Bogotá  D.C., diez (10) de agosto de dos mil veintitrés (2023).  

Esta  Sala decide la impugnación interpuesta frente a la sentencia  proferida por la Sala Civil-Familia del Tribunal Superior del  Distrito Judicial de Cúcuta el 28 de junio de 2023, con la  cual se denegó la acción de tutela promovida por Mario  Enrique Marún Nader -en calidad de gerente con funciones de  liquidador y representante legal de la sociedad Rumbos Ltda.- contra  el Tribunal de Arbitramento adscrito a la Cámara de Comercio  de esa ciudad. Al trámite se vinculó a las partes e  intervinientes en el proceso de liquidación judicial de  radicado 2022-20015962.  

            

I. ANTECEDENTES  

1.  El promotor reclamó  la protección de los derechos fundamentales  al debido proceso, acceso a la administración de justicia y  los «derechos  adquiridos con arreglo a las leyes»,  presuntamente vulnerados por la autoridad censurada.  
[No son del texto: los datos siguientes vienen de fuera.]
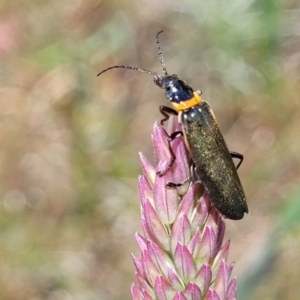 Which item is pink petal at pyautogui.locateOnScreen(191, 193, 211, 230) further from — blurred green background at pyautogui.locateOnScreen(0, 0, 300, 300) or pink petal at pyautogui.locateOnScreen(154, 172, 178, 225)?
blurred green background at pyautogui.locateOnScreen(0, 0, 300, 300)

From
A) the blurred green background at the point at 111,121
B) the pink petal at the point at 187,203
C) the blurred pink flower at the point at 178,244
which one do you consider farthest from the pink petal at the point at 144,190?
the blurred green background at the point at 111,121

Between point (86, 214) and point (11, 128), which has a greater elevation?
point (11, 128)

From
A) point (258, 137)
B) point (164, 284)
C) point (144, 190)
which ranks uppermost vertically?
point (258, 137)

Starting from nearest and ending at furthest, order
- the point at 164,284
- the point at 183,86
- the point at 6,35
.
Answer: the point at 164,284 → the point at 183,86 → the point at 6,35

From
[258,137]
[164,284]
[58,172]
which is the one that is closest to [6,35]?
[58,172]

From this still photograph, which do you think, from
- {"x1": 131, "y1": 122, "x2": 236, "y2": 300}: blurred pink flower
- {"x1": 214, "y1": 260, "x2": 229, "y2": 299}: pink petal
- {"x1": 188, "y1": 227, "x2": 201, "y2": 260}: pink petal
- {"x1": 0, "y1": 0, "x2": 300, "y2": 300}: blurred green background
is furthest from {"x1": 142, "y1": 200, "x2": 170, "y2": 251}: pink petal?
{"x1": 0, "y1": 0, "x2": 300, "y2": 300}: blurred green background

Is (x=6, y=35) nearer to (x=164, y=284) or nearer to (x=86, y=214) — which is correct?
(x=86, y=214)

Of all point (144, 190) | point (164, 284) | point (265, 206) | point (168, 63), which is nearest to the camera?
point (164, 284) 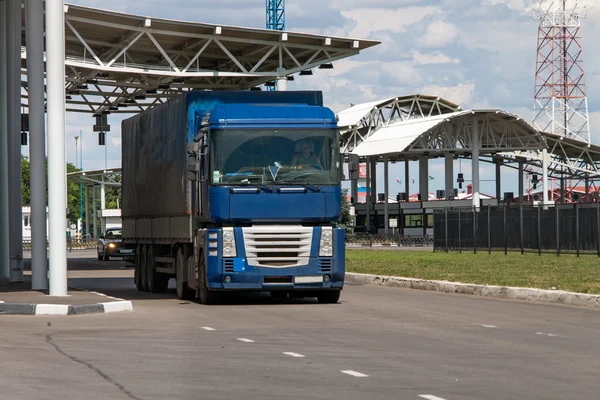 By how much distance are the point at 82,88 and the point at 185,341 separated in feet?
120

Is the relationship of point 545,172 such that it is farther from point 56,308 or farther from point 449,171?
point 56,308

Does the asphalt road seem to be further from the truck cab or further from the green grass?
the green grass

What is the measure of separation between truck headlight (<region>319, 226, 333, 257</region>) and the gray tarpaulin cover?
299cm

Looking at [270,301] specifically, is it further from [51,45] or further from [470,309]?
[51,45]

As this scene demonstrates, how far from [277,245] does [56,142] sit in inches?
171

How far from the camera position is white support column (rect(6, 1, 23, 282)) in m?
30.5

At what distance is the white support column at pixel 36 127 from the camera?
2295 centimetres

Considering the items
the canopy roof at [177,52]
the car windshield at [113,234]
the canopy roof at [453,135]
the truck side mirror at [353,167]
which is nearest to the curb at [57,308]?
the truck side mirror at [353,167]

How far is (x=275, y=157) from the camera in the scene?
68.2 ft

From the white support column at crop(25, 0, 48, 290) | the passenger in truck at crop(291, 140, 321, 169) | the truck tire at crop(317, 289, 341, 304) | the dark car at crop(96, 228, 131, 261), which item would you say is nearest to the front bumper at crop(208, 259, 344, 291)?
the truck tire at crop(317, 289, 341, 304)

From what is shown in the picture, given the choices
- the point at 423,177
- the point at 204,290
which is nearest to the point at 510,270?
the point at 204,290

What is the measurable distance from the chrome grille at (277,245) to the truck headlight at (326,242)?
23 cm

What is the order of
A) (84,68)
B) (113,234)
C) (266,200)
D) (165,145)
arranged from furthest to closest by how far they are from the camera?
(113,234) < (84,68) < (165,145) < (266,200)

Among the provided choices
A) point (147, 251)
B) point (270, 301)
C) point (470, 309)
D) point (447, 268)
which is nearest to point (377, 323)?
point (470, 309) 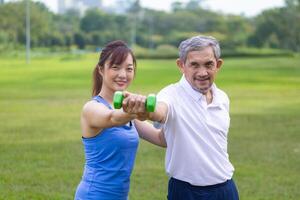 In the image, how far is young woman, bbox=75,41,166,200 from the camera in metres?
3.20

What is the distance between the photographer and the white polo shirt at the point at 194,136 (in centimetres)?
304

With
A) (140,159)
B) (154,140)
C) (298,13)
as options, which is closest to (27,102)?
(140,159)

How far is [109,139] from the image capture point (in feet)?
→ 10.5

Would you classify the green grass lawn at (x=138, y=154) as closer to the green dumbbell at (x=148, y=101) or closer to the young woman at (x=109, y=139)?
the young woman at (x=109, y=139)

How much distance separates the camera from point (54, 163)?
9102 mm

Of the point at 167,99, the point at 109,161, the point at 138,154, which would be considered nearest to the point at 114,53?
the point at 167,99

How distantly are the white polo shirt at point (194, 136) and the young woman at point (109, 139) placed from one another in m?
0.23

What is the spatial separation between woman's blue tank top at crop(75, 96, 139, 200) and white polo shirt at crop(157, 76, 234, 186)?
214 millimetres

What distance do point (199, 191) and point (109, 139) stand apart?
0.52m

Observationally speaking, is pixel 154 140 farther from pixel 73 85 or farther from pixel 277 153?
pixel 73 85

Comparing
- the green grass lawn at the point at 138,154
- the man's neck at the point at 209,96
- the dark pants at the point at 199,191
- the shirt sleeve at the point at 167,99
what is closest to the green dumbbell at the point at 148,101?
the shirt sleeve at the point at 167,99

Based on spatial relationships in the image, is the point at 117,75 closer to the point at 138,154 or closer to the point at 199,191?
the point at 199,191

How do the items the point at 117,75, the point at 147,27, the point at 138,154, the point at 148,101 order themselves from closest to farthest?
the point at 148,101 < the point at 117,75 < the point at 138,154 < the point at 147,27

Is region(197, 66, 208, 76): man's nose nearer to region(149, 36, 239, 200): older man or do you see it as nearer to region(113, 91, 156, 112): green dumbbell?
region(149, 36, 239, 200): older man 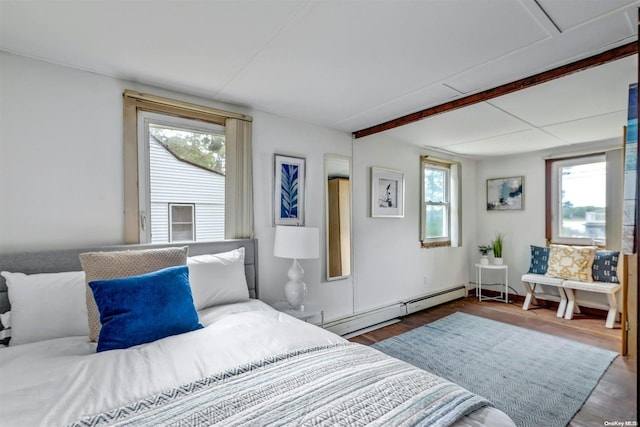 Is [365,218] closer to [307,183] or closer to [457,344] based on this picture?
[307,183]

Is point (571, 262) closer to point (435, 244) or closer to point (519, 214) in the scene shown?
point (519, 214)

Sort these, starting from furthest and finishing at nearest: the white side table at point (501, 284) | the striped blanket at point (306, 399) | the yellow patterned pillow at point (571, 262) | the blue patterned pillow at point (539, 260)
Answer: the white side table at point (501, 284)
the blue patterned pillow at point (539, 260)
the yellow patterned pillow at point (571, 262)
the striped blanket at point (306, 399)

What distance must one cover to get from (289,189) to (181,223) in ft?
3.37

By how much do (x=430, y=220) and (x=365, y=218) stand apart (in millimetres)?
1477

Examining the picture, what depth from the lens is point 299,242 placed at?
2504 millimetres

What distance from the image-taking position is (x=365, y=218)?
Result: 3.63 m

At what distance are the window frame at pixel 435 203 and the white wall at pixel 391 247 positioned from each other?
67mm

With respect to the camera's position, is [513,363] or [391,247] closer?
[513,363]

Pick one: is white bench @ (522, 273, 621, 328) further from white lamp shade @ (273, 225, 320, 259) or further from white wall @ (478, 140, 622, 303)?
white lamp shade @ (273, 225, 320, 259)

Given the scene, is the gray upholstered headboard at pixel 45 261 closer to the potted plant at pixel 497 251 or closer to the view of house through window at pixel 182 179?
the view of house through window at pixel 182 179

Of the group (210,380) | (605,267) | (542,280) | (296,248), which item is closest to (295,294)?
(296,248)

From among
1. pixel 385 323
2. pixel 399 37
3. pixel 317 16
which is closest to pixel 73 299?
pixel 317 16

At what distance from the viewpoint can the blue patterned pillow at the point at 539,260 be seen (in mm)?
4215

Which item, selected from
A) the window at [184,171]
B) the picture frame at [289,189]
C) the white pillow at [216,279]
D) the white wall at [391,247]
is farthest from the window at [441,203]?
the white pillow at [216,279] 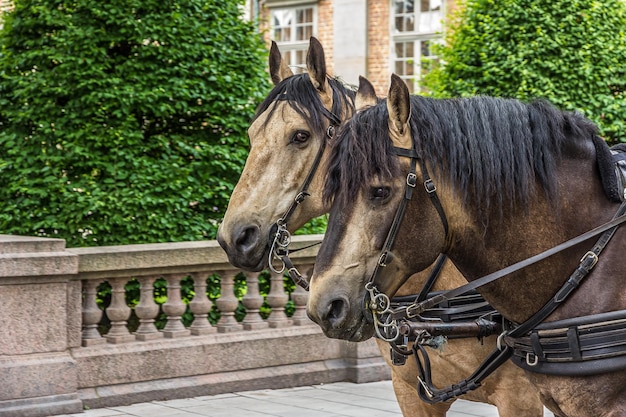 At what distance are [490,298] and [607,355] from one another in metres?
0.43

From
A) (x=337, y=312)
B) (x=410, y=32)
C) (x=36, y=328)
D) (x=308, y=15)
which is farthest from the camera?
(x=308, y=15)

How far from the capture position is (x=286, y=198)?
15.8ft

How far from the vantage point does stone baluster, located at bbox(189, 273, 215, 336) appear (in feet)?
25.6

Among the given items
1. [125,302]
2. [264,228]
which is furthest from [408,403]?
[125,302]

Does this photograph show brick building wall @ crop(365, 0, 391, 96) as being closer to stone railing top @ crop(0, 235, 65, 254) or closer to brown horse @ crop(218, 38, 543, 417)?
stone railing top @ crop(0, 235, 65, 254)

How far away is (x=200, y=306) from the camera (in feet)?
25.6

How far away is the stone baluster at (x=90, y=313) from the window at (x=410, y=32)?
14.5m

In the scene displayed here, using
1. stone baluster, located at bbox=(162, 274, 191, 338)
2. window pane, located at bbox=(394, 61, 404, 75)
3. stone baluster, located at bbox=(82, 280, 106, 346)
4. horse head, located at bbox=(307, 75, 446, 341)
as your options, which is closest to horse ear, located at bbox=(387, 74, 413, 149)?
horse head, located at bbox=(307, 75, 446, 341)

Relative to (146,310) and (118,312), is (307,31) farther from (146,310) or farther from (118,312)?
(118,312)

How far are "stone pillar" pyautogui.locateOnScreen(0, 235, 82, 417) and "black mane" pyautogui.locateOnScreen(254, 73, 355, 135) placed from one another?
2607 mm

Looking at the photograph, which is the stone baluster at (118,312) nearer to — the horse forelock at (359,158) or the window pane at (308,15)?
the horse forelock at (359,158)

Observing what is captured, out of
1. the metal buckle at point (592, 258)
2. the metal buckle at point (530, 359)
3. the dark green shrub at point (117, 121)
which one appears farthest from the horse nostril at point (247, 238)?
the dark green shrub at point (117, 121)

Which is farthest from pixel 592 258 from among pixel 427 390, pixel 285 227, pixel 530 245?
pixel 285 227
2.  Del expediente allegado se resalta lo que viene. Susana Esther Marún  Nader, socia de la sociedad Rumbos Ltda., solicitó la  integración del Tribunal de Arbitramento ante la Cámara  de Comercio de Cúcuta, persiguiendo que se decretara la  apertura del proceso de liquidación de dicha compañía.  

Refirió  que el Tribunal fue integrado por los abogados Blanca Doris Urbina  Ayala, Carlos Alberto Quintero Torrado y Sergio Villamizar Mendoza,  quienes en auto del 22 de marzo de 2023 admitieron a trámite  la demanda. Mencionó que el Colegiado atacado –con  providencia del 3 de abril de 2023, decretó la totalidad de  las medidas cautelares solicitadas en el escrito inicial.  Determinación frente a la cual presentó recurso de  reposición, pues en su sentir, tal proveído es ilegal y  genera una verdadera vía de hecho. Sin embargo, alegó  que el Tribunal –con auto del 17 de mayo de 2023- mantuvo su  postura.  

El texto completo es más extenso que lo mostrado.